§ **EXERCISE REQUIREMENTS**
Excluding images, repeat the data exactly as given.
*** INFORMATION SUPPLIED Section Begins ***
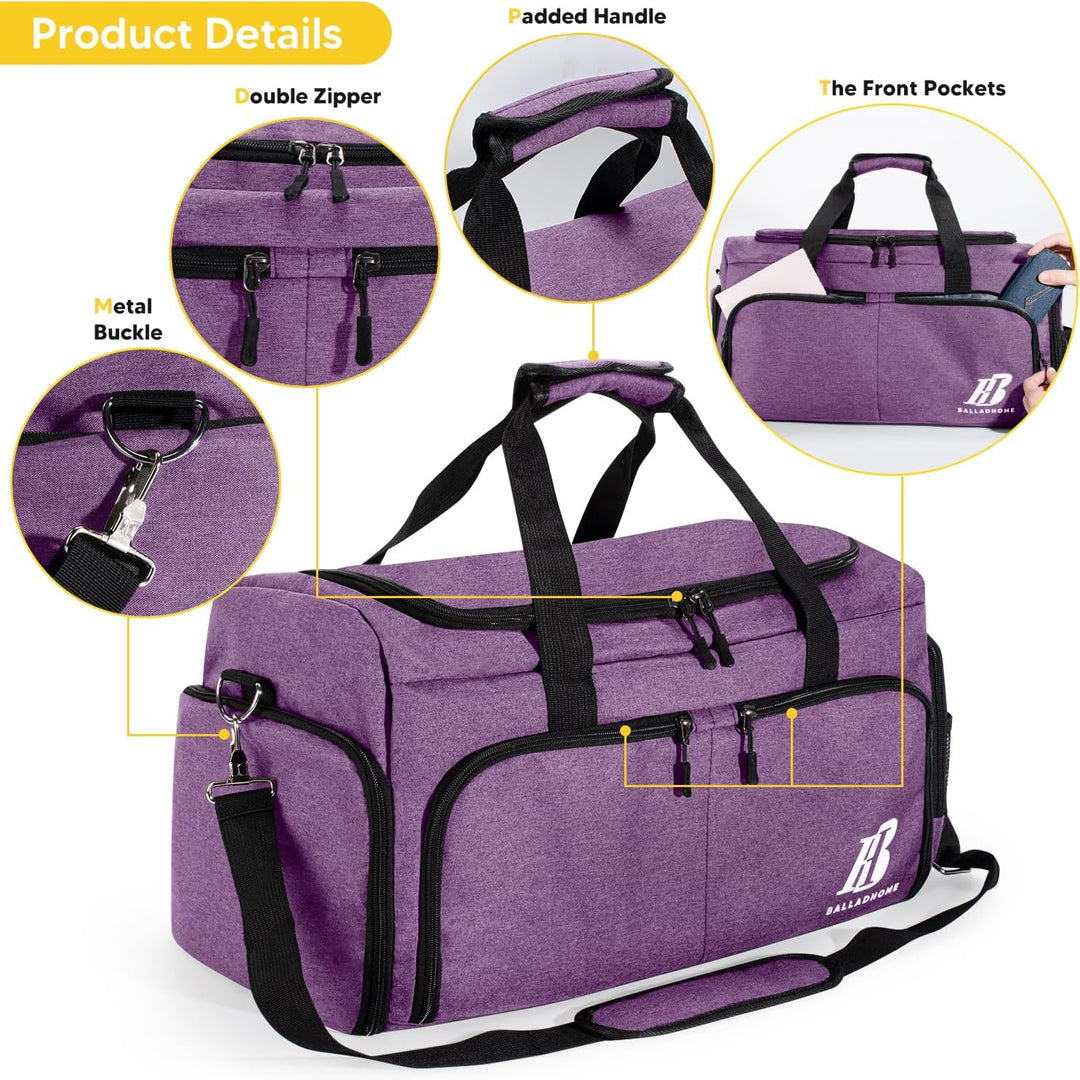 Sporttasche Reisetasche für Damen und Herren Trainingstasche Gym Bag mit Schuhfach und Nassfach Duff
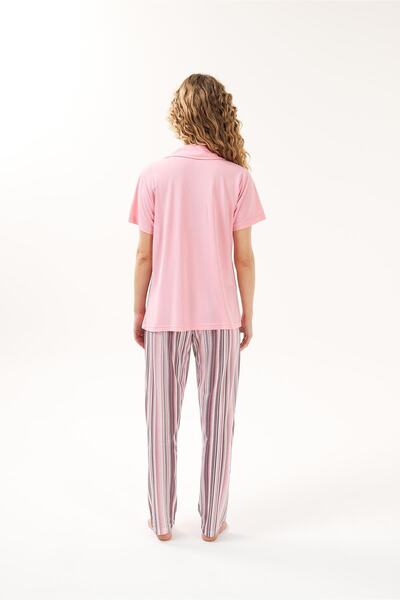 Yeni İnci Women's 3-Piece Viscose Pajama Set Bpj1907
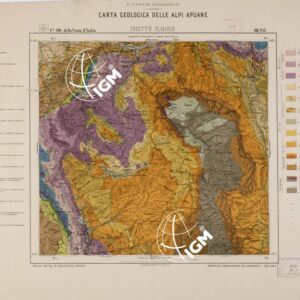 CARTA GEOLOGICA DELLE ALPI APUANE... - Foglio 96 DELLA CARTA D'ITALIA III.N.E. - Monte Sagro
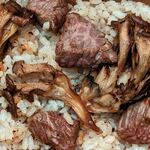 東京焼肉 黒木 - お持ち帰りした和牛＆トリュフの土鍋御飯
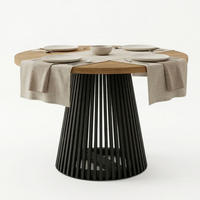 ESSTISCH runder ausziehbarer Tisch für Esszimmer DOVER 100 / 150 cm, Farbe: Eiche Craft Golden / Schwarz - Schwarz/Braun, Holz (150/100/77cm) - Dekori_Interiors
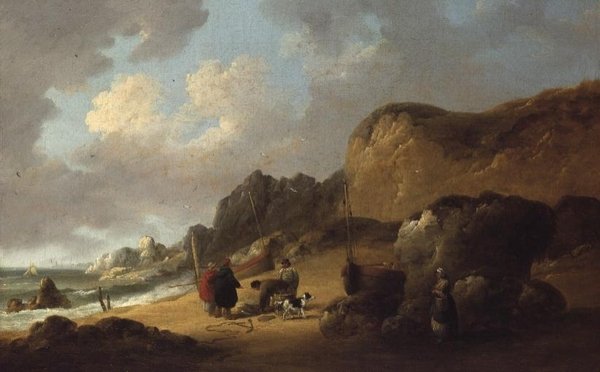 Prissättning av dagens fångst av George Morland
*** INFORMATION SUPPLIED Section Ends ***
§ **ANSWER TO THE EXERCISE**
 Sporttasche Reisetasche für Damen und Herren Trainingstasche Gym Bag mit Schuhfach und Nassfach Duff
 Yeni İnci Women's 3-Piece Viscose Pajama Set Bpj1907
 CARTA GEOLOGICA DELLE ALPI APUANE... - Foglio 96 DELLA CARTA D'ITALIA III.N.E. - Monte Sagro
 東京焼肉 黒木 - お持ち帰りした和牛＆トリュフの土鍋御飯
 ESSTISCH runder ausziehbarer Tisch für Esszimmer DOVER 100 / 150 cm, Farbe: Eiche Craft Golden / Schwarz - Schwarz/Braun, Holz (150/100/77cm) - Dekori_Interiors
 Prissättning av dagens fångst av George Morland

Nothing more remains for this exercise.